■ How to complete this task: Sort through the material below and copy each line with "Base".

------ Provided entries

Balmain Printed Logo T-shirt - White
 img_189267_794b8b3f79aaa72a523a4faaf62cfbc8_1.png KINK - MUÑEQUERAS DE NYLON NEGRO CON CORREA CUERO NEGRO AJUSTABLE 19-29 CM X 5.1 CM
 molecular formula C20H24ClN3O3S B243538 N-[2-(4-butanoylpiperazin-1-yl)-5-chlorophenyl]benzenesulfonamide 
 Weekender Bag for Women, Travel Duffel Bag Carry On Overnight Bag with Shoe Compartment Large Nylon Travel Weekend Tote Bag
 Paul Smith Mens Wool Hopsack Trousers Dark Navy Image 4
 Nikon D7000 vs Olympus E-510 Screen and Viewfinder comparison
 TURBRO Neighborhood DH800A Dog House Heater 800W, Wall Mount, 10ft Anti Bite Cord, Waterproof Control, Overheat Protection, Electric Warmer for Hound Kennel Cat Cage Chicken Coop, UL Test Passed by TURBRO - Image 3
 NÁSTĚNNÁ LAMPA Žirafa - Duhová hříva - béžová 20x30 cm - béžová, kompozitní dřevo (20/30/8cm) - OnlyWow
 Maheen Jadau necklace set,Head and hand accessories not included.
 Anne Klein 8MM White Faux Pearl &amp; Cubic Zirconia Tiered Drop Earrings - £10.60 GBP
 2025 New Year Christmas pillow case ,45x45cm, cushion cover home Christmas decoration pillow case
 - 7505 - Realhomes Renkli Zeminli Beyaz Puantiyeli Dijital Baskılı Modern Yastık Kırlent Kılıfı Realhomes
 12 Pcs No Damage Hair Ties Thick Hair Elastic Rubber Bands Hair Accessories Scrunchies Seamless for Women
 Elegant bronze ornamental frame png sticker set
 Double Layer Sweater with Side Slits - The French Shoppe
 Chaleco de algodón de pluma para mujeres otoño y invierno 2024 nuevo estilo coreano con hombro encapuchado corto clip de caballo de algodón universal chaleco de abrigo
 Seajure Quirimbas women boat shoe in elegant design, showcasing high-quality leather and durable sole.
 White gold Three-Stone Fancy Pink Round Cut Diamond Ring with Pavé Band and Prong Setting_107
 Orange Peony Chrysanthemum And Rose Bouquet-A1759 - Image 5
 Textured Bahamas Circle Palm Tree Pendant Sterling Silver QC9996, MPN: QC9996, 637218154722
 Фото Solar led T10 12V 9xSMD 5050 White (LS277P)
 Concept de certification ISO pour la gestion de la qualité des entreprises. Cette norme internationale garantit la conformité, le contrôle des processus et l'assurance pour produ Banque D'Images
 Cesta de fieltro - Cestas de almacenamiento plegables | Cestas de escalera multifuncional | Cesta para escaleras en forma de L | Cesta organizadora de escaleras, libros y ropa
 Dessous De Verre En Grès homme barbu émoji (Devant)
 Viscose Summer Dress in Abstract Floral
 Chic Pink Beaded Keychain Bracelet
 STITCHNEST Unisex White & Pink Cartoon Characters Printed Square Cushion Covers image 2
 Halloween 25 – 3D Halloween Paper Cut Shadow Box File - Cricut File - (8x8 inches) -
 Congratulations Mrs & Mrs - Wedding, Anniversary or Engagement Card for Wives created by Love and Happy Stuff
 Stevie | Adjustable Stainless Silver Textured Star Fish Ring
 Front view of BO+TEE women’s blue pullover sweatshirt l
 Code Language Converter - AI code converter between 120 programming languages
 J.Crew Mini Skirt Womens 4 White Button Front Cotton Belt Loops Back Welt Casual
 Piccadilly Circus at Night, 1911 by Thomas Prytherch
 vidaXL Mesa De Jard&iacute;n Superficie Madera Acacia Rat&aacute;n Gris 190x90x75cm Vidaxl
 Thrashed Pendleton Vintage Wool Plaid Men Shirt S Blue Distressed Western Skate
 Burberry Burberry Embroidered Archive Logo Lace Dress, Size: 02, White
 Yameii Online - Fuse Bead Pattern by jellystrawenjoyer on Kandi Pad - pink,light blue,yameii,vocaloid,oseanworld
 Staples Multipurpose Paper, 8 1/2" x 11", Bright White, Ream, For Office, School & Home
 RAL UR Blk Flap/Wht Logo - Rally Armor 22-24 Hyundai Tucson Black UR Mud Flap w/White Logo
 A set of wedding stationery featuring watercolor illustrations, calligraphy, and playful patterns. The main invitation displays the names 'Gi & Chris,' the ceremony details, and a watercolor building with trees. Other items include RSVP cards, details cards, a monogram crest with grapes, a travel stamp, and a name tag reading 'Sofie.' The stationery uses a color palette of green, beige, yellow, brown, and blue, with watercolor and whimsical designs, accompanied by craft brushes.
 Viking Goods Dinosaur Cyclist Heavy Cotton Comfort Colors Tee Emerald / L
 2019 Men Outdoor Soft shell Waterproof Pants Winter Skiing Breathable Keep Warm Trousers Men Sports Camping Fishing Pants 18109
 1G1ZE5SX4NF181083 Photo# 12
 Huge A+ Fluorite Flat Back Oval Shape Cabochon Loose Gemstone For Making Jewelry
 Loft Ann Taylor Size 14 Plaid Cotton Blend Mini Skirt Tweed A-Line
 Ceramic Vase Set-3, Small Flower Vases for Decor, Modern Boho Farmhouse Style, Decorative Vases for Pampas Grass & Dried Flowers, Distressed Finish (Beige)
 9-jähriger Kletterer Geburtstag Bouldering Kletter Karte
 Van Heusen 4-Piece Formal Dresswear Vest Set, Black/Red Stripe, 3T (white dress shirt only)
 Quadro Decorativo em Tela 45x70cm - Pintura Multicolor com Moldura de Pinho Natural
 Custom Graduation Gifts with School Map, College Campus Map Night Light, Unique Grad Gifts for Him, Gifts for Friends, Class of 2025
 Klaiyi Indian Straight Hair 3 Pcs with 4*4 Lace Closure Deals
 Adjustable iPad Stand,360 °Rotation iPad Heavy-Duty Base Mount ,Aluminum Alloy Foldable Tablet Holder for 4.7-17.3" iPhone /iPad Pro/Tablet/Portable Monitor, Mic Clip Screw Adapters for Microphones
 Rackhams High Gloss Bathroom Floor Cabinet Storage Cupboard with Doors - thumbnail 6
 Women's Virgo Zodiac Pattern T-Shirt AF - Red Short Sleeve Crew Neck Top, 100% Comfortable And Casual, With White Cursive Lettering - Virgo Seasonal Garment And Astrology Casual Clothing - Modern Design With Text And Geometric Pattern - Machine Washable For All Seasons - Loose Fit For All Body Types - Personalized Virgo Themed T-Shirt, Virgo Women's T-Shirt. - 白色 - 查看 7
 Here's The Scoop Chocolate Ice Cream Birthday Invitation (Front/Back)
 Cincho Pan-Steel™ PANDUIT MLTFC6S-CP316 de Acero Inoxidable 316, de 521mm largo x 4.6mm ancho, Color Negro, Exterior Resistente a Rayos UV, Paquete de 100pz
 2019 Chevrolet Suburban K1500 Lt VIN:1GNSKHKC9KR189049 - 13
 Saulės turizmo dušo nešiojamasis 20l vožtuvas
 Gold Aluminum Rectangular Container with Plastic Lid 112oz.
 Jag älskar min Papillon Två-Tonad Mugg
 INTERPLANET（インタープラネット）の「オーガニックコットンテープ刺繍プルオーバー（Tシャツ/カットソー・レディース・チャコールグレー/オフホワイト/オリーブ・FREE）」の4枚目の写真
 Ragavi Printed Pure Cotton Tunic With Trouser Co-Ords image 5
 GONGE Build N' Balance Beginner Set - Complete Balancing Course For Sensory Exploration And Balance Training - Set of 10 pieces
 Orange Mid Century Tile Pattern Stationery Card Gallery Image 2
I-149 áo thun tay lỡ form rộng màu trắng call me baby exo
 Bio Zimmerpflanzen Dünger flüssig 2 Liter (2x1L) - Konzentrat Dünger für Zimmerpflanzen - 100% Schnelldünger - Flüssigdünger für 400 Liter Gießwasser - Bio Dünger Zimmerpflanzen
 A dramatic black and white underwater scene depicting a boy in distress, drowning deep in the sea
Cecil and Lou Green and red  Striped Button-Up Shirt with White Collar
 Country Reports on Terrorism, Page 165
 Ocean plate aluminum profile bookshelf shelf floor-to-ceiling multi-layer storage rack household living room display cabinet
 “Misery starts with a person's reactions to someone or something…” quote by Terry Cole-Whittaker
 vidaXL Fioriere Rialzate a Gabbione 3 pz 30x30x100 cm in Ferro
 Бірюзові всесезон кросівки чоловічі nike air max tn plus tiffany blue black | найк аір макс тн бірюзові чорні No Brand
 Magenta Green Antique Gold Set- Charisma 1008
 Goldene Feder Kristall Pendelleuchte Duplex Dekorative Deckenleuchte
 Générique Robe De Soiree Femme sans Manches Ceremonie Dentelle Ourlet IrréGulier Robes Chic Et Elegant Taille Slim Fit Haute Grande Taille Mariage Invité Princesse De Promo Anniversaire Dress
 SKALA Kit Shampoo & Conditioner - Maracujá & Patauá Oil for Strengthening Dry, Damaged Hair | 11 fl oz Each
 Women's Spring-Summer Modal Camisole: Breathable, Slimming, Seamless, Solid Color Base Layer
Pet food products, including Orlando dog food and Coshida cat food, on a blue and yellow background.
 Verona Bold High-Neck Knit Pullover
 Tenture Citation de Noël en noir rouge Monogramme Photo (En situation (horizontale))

------------

■ Solution to this task:
 Adjustable iPad Stand,360 °Rotation iPad Heavy-Duty Base Mount ,Aluminum Alloy Foldable Tablet Holder for 4.7-17.3" iPhone /iPad Pro/Tablet/Portable Monitor, Mic Clip Screw Adapters for Microphones
 Women's Spring-Summer Modal Camisole: Breathable, Slimming, Seamless, Solid Color Base Layer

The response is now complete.